The English High Court has sanctioned Smile Telecom Holding Limited's (Smile) restructuring plan, despite there being no parallel restructuring proceedings in Mauritius, the place of Smile's incorporation.
At the convening hearing, the court held that all creditors, other than the super senior facility creditor, were 'out of the money' and therefore could not vote on the plan. A senior creditor raised objections and offered an alternative valuation report but did not attend the sanction hearing.
Decision
- A creditor who opposes a restructuring plan must 'stop shouting from the spectator's seats' and attend court to make its arguments. Despite a company's duty to bring all relevant matters to the attention of the court, it is not obliged to comment on an alternative valuation report that has not been put in front of the court by the dissenting creditor. The court also does not have to consider the report of its own accord.

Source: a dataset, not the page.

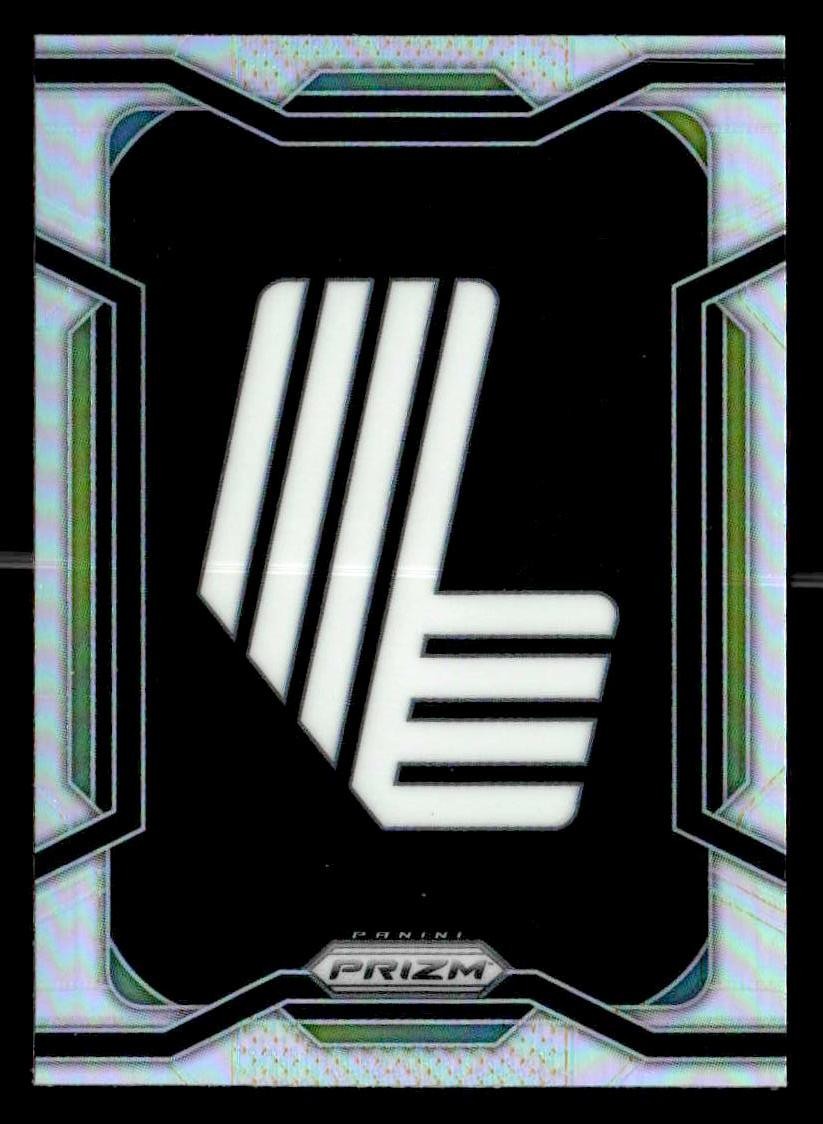 2024 Panini Prizm LIV #100 LIV Logo Silver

- Smile had a sufficient connection with England to justify the court sanctioning its restructuring plan which would alter the constitution and share capital of a Mauritian company. There is no strict legal requirement for there to be a parallel scheme in Mauritius.

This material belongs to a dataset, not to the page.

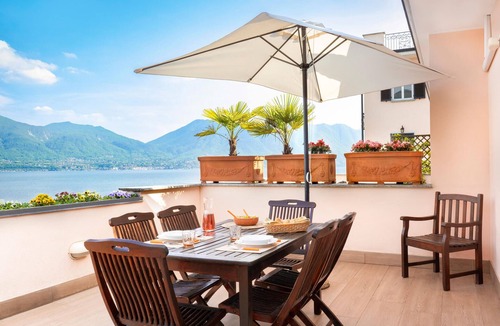 Oggebbio Apartment | Lovely apartment in Oggebbio (VB)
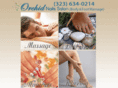 orchidnailmassage.com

- The court found that, based on expert evidence from local counsel, the plan would be effective in Mauritius and in the countries where other senior creditors were based.
Key takeaways
- Creditors who oppose a restructuring plan should attend the court hearing otherwise their alternative solutions are unlikely to be considered.
- An English court can approve a plan where there is no parallel plan in the company's country of incorporation.